The Bitter life of Božena Němcová is a fairy tale because there is a noon witch, and a grandmother who saves almost everyone, and a peasant girl who is in love with a soldier. It is modern because the girl in the fairy tale is both admirable and unlovable. She is caught in the double bind that is still all too familiar to women. The thing that makes her wondrous also makes her impossible to hold close.
“As though she wants to perish in the wild swirl,
As though she wants to escape from herself” Božena Němcová (54).
Throughout this collage, Ervick embroiders herself into the text. In the introduction, she admits that during the time she was discovering Němcová she was also in the process of dissolving her marriage of 17 years. The biographer’s present day dissatisfaction underscores the relevance of the biographed’s unrelenting hunger. The fairytale of marriage as happy-ending has always been too simplistic for the vitality of women.
“A shiver runs down her, she forgets that she is ornamented with a crown of myrtle, and she says defiantly: I will not go!” Božena Němcová (49).
I loved this book, unequivocally. It should be stuffed in the stocking of every feminist on your holiday shopping list. It should be the second night of Channuka gift for the revolutionary in your life who still needs a pocket constitution (on the first night). It is the perfect way to tell your lover you adore them, but you know that your mutual passion is only one of the mediums necessary for a full and beautiful life.
“The days run like waves, as many drops of water as there are in a wave, so many thousand thoughts run to you, dear Ivan!” Božena Němcová (74).
Božena Němcová is fascinating enough on her own to demand our attention, and Ervick is the right artist to guide us. Her dedication to Czech history and language gives this literary matriarch her due, and because Ervick also shares her own lows openly, she invites readers to be vulnerable and collage themselves into Němcová’s story as well. Ervick knows exactly how much space to provide each voice in this chorus, including her own. She engages with the text and then creates the space for readers to do so as well.
“Dear B,
Your husband, whom no one remembers, once told you: ‘No one will ever remember you.’

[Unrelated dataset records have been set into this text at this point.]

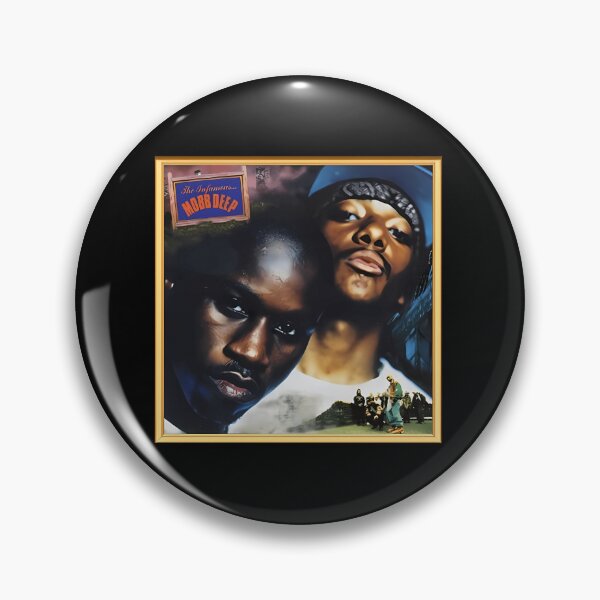 Item preview, Mobb Deep - Cover  designed and sold by sayed khaled.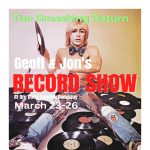 4-Day VINYL RECORD SHOW at Ore Dock Brewing Company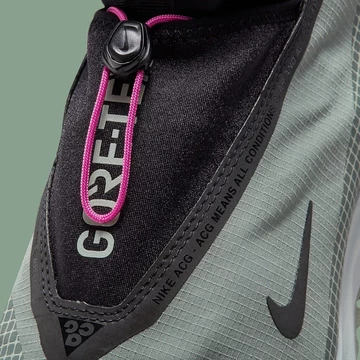 Nike ACG Mountain Fly Gore-Tex Clay Green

k” Kelcey Parker Ervick (323).
In this review I’ve named Němcová 18 times, and I can bet that most readers would have skimmed over her name without hazarding a pronunciation. Ervick begins the book with an explication of Czech phonetics, of Němcová’s decision to change her name, and the proper pronunciation of the words Božena Němcová, as if to demand our attention and respect.
“I know in Czech (with my limited knowledge) only one music of language, that of Božena Němcová” Franz Kafka (105).

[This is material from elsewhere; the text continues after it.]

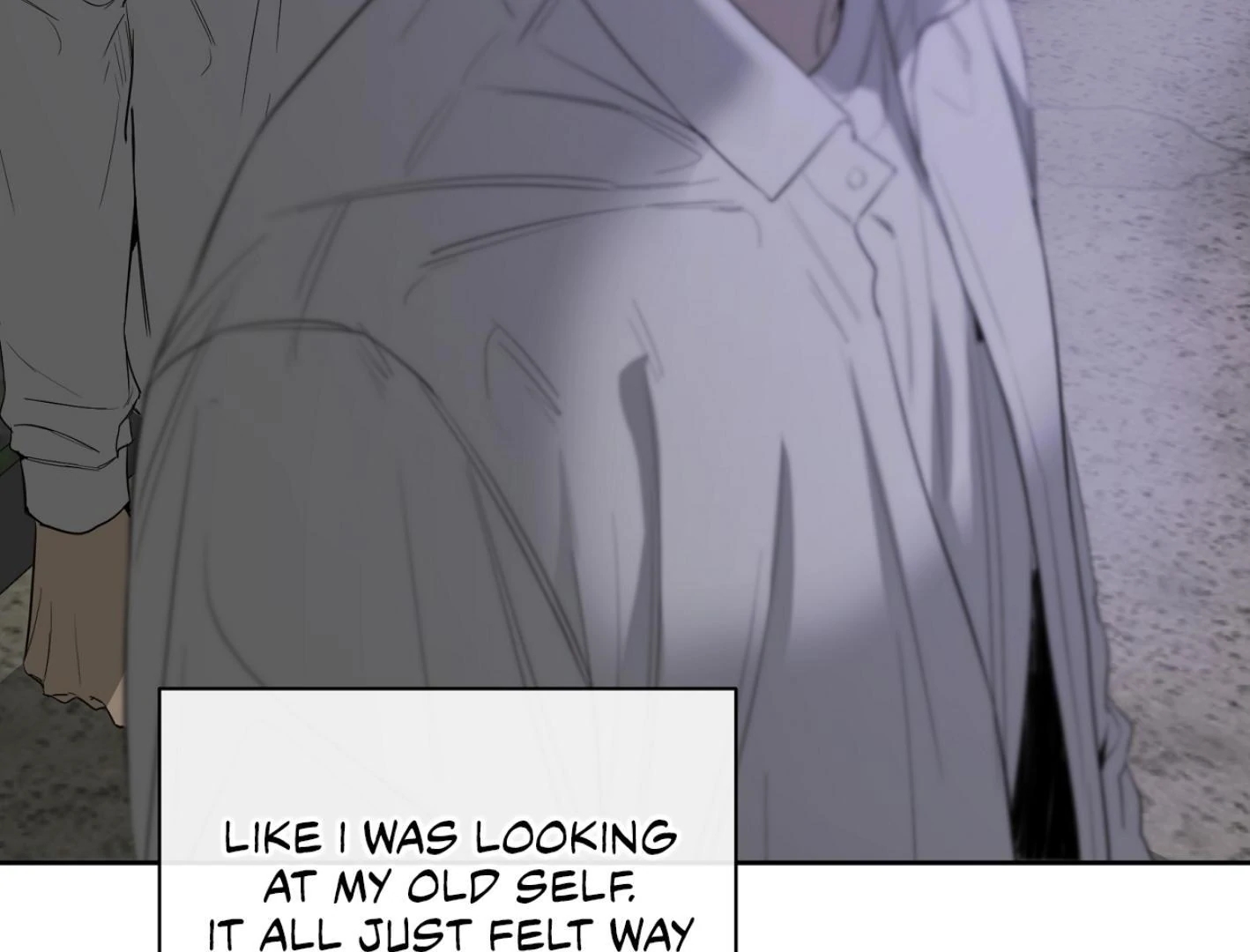 Yang Il-woo and I Chapter 26.7 page 74 -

Ervick closes with her own letters to Němcová and the unanswered question—was she happy? Is Ervick happy? Are we? Do we want to be ever-after? This biographical collage confirmed at least one belief I held, that happiness, and fulfillment are a messy and complicated jungle. That the arc of history is very, very long indeed. At times the bend appears so subtle, it hardly seems to be an arc at all. All this and nevertheless, she persisted.
“BO-zhena NYEM-tsovah” Kelcey Parker Ervick (7).